What this task involves => Among the entries below, find the lines holding "Green" and copy them.

_ _ _

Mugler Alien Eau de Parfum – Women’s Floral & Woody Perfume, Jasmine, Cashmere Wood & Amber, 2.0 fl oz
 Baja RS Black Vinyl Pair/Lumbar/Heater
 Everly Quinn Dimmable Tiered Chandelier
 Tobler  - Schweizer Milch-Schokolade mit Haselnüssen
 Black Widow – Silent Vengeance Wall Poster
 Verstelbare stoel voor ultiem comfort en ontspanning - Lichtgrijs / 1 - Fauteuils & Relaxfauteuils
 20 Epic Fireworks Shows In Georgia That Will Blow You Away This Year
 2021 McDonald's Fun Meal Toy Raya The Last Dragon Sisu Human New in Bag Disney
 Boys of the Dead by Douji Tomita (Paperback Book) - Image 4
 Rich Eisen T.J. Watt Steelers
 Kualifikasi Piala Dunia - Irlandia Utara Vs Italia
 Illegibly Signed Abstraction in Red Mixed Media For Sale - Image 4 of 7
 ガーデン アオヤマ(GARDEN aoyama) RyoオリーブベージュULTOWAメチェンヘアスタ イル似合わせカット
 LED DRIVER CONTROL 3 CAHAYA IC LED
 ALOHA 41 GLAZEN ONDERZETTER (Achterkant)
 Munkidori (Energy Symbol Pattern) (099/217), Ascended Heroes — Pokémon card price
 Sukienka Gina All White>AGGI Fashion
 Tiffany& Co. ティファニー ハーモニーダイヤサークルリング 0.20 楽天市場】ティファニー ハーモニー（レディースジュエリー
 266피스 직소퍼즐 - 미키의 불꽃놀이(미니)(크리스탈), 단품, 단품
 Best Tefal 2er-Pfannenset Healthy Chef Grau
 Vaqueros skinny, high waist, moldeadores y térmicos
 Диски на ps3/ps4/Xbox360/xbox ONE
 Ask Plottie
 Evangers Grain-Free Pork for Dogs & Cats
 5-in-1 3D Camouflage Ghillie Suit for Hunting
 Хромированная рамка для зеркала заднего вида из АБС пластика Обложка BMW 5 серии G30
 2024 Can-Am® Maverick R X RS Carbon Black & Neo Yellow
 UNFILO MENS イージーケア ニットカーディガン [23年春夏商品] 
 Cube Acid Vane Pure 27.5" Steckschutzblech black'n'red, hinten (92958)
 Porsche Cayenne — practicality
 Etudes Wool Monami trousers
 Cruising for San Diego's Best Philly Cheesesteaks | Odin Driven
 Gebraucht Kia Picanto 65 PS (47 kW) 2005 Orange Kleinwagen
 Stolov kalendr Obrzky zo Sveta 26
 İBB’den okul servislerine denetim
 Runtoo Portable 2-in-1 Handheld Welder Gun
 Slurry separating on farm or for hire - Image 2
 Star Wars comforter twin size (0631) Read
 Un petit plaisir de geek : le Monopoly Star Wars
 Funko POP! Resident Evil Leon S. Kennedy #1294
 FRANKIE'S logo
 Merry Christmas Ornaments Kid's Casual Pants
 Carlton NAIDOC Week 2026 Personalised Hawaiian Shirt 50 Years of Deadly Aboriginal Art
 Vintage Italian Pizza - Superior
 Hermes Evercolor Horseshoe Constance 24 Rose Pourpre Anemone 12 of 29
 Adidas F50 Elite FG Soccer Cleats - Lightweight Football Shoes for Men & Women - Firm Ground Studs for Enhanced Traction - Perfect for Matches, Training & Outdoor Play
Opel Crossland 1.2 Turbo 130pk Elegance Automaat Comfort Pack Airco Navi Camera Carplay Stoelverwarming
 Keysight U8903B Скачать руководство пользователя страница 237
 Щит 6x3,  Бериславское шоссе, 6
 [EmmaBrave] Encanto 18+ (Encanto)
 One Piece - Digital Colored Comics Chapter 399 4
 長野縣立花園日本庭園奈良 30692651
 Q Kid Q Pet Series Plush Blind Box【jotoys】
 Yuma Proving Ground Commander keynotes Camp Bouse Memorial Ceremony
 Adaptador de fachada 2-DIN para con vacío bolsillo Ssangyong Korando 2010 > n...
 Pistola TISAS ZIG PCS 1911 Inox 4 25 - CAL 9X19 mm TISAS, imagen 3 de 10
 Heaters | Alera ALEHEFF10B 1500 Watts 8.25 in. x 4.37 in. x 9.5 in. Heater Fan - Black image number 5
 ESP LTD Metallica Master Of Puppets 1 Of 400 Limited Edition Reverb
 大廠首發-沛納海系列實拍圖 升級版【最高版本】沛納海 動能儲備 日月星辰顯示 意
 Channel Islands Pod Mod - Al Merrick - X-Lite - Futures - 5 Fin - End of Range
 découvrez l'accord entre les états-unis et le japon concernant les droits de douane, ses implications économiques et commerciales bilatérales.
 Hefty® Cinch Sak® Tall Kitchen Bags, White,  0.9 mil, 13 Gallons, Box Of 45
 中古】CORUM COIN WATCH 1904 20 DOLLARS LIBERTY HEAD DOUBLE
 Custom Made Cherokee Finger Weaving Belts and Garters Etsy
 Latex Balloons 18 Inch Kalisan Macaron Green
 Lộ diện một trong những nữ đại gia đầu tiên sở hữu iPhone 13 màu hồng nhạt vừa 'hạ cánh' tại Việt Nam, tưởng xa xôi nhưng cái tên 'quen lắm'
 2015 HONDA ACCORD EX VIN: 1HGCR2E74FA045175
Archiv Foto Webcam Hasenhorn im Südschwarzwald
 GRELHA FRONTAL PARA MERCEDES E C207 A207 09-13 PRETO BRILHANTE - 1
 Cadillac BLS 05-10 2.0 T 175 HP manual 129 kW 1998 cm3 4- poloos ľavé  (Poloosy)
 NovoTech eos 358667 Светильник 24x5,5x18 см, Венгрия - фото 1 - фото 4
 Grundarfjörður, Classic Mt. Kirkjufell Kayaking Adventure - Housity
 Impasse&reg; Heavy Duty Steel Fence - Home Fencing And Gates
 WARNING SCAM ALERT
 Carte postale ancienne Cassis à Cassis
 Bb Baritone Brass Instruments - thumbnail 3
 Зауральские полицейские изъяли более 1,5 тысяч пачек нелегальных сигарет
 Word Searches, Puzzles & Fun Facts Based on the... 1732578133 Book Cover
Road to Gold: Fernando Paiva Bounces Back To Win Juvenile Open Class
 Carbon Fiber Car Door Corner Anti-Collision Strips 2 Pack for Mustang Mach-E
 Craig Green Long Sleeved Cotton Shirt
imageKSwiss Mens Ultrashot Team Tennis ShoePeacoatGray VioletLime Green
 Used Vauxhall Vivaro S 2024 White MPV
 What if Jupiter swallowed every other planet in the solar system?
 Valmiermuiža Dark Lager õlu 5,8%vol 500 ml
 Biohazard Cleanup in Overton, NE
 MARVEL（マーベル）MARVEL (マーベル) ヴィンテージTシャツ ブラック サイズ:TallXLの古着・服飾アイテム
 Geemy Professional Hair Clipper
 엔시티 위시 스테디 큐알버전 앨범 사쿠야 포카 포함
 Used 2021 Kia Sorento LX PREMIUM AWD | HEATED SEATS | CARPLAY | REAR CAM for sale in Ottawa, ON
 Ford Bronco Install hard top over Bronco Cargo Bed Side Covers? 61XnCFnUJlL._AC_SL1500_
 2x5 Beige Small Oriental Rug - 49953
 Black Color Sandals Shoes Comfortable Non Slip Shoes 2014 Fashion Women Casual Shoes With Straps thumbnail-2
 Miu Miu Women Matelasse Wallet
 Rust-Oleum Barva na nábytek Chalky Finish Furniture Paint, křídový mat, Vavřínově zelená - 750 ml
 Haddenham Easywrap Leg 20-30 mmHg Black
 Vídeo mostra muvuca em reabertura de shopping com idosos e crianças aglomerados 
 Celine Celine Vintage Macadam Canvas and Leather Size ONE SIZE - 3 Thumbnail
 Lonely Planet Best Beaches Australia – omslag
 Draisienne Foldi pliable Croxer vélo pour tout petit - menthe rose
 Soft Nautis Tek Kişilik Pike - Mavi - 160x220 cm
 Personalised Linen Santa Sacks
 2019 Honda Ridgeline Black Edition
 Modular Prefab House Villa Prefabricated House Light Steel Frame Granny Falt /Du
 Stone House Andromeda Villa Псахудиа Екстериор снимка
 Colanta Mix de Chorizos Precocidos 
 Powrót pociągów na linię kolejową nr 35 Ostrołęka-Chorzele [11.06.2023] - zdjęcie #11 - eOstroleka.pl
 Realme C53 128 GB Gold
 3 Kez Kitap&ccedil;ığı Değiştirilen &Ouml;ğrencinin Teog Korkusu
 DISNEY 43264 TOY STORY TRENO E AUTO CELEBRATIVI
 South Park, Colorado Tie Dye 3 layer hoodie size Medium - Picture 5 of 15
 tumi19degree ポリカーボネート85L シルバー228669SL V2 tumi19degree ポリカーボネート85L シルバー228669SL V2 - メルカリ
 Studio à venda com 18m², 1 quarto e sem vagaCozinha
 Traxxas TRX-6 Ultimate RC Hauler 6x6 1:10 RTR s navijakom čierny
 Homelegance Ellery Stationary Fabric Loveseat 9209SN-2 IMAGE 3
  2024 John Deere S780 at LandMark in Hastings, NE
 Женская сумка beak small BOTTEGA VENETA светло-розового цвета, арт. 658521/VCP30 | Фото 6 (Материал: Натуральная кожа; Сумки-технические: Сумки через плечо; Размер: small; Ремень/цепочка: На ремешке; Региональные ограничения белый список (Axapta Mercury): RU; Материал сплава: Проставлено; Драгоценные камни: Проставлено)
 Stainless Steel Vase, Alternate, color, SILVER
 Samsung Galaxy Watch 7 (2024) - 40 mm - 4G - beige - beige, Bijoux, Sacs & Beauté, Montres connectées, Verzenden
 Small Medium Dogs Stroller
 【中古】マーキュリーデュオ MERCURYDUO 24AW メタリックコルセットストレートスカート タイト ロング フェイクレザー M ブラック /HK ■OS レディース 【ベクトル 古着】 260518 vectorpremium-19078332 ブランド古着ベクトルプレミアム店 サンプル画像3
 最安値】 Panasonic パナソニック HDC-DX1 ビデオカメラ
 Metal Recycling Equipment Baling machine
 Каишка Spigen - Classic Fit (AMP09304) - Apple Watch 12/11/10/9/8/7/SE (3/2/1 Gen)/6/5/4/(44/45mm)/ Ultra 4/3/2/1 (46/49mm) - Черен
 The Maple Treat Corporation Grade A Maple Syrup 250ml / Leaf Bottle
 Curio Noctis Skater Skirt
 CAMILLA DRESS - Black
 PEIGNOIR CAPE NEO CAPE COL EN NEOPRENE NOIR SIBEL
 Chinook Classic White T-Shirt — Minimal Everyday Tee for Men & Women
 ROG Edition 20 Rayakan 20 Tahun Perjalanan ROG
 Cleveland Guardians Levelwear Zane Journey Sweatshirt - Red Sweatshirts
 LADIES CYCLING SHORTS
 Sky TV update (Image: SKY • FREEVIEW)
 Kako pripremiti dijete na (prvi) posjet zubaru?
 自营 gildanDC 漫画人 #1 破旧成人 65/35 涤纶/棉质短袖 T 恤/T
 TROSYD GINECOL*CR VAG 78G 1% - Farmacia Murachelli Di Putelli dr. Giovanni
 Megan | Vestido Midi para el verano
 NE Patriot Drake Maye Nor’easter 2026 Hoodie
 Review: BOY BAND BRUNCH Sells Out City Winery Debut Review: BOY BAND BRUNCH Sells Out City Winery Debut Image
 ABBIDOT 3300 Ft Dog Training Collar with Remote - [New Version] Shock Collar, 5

_ _ _

Response area =>
 Latex Balloons 18 Inch Kalisan Macaron Green
 Craig Green Long Sleeved Cotton Shirt
imageKSwiss Mens Ultrashot Team Tennis ShoePeacoatGray VioletLime Green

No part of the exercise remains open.